WORK INSTRUCTIONS: Below are the records; return every line from the one that contains "Tòa tháp đôi" to the last, exactly, skipping the pictures.

Stored items
========================================

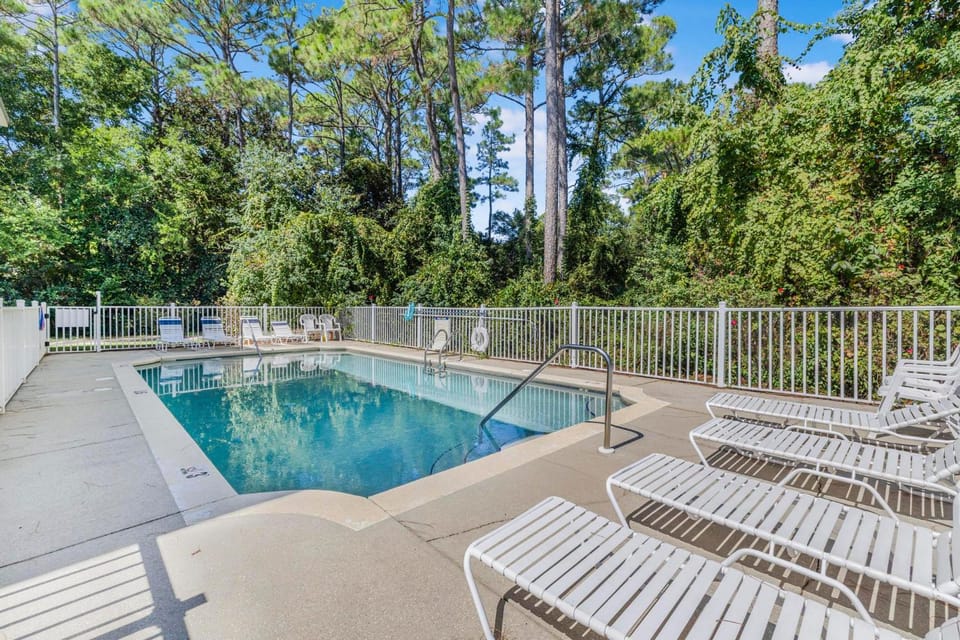 Laguna Breeze C by Vacation Homes Collection Apartment in Gulf Shores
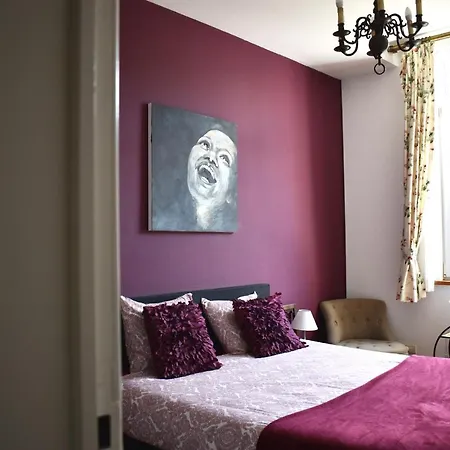 La De Monsieur Albert Bed & Breakfast *
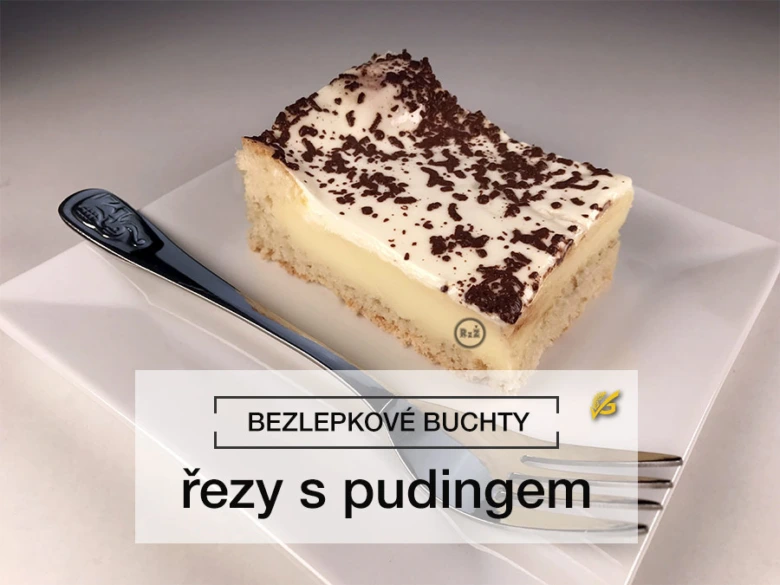 Bezlepkový řezy s pudinkem na bílé talíři.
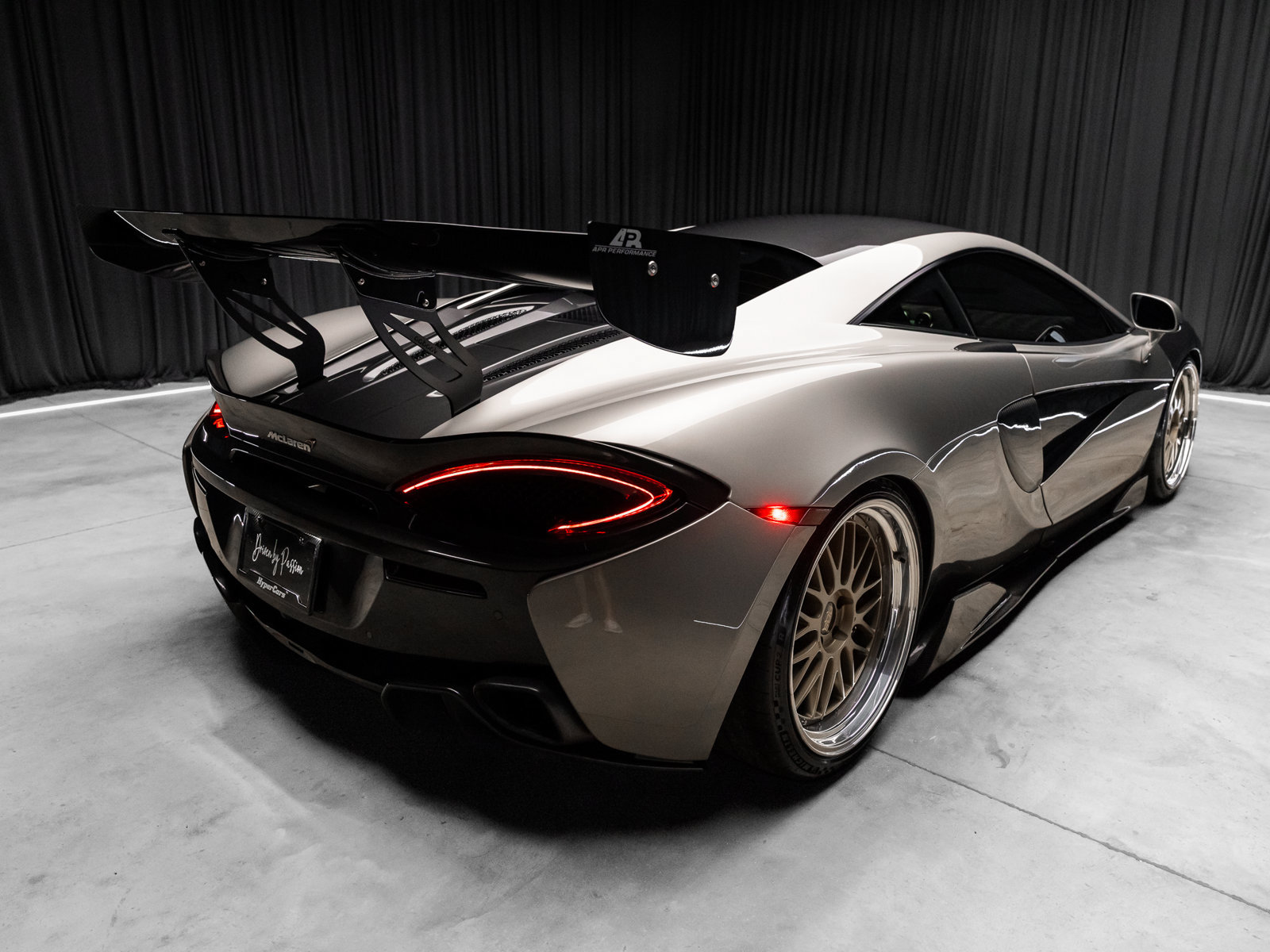 Used 2017 McLaren 570S Coupe RWD image 15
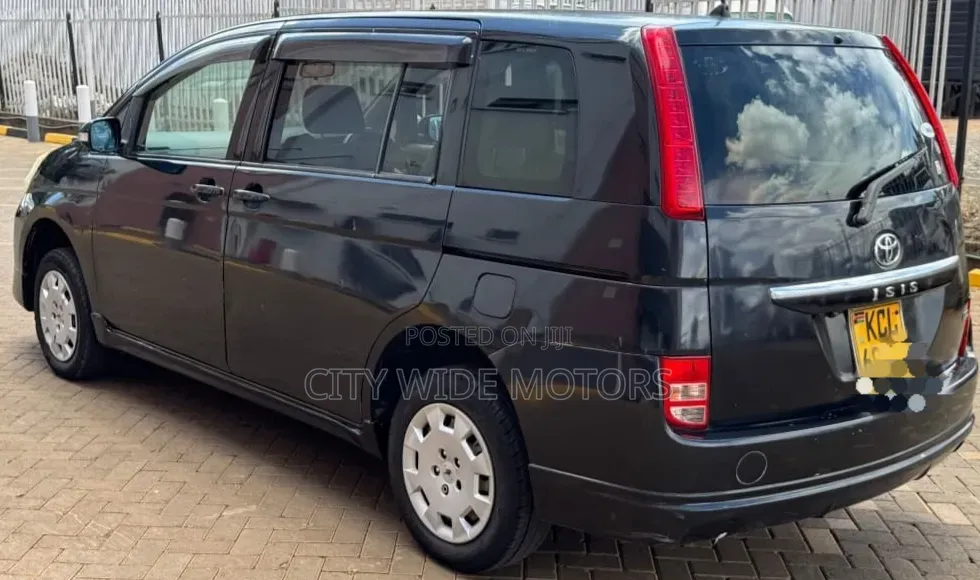 Toyota ISIS 2010 Black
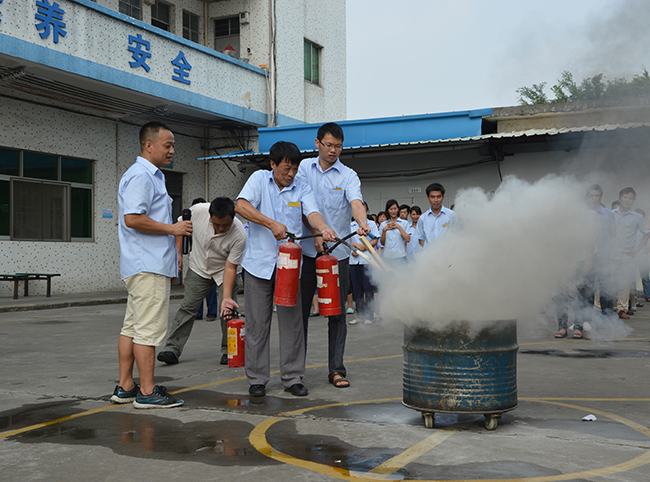 绿志岛焊锡厂_正确使用灭火器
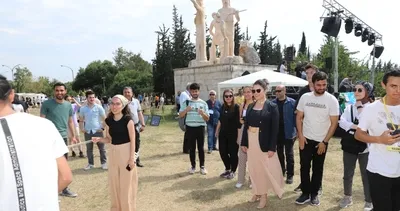 Şenlikte öğrenciler yirmi7 ile coştu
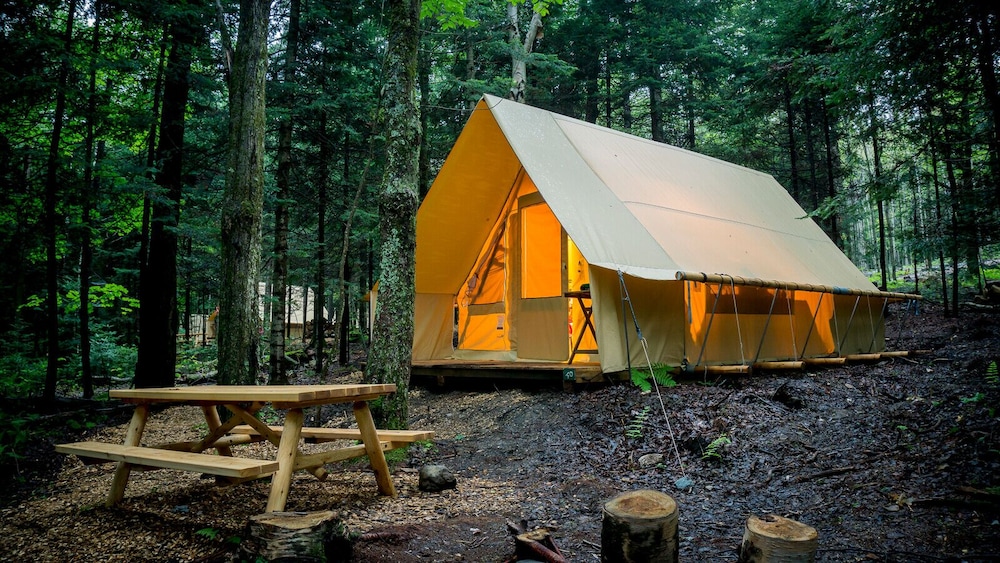 Tent, 2 Bedrooms, Shared Bathroom photo 1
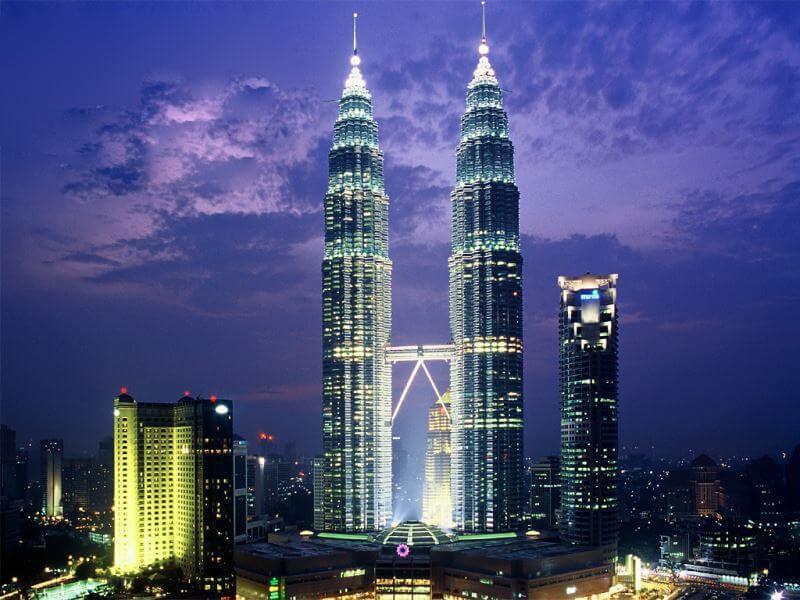 Tòa tháp đôi Petronas - điểm du lịch Châu Á nổi tiếng có 1-0-2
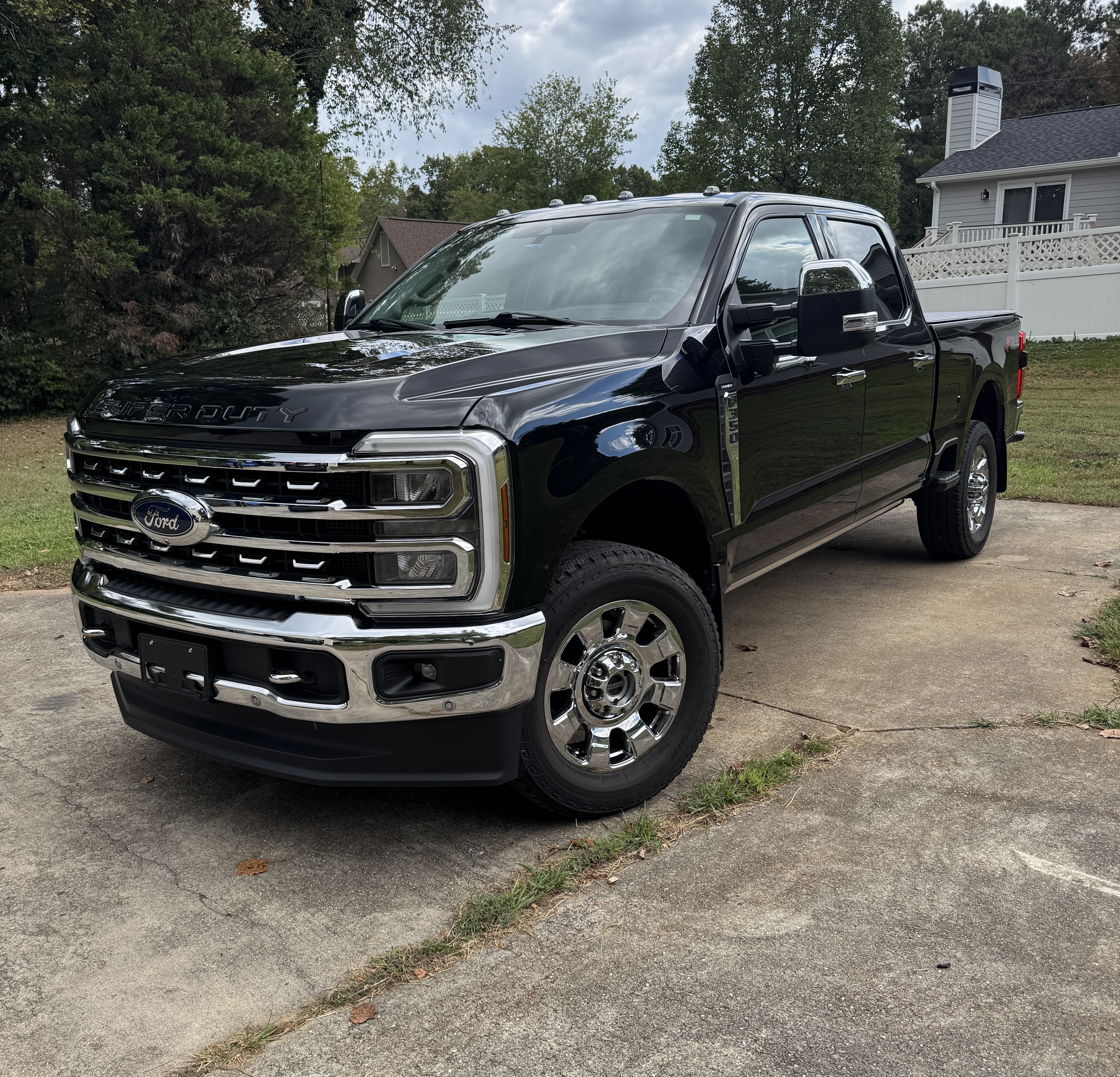 Used 2024 Ford F350 Lariat w/ Lariat Ultimate Package AWD/4WD image 1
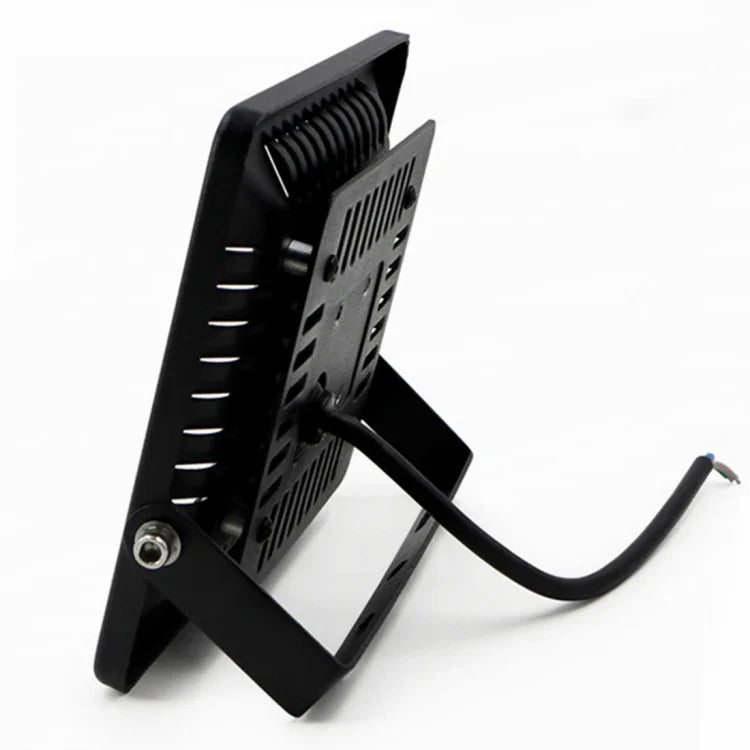Flux lumineux: > 4000lm, FP > 0,9, IRC > 80, CA 90-140V, 50W Blanc chaud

========================================

REPLY:
 Tòa tháp đôi Petronas - điểm du lịch Châu Á nổi tiếng có 1-0-2
 Used 2024 Ford F350 Lariat w/ Lariat Ultimate Package AWD/4WD image 1
Flux lumineux: > 4000lm, FP > 0,9, IRC > 80, CA 90-140V, 50W Blanc chaud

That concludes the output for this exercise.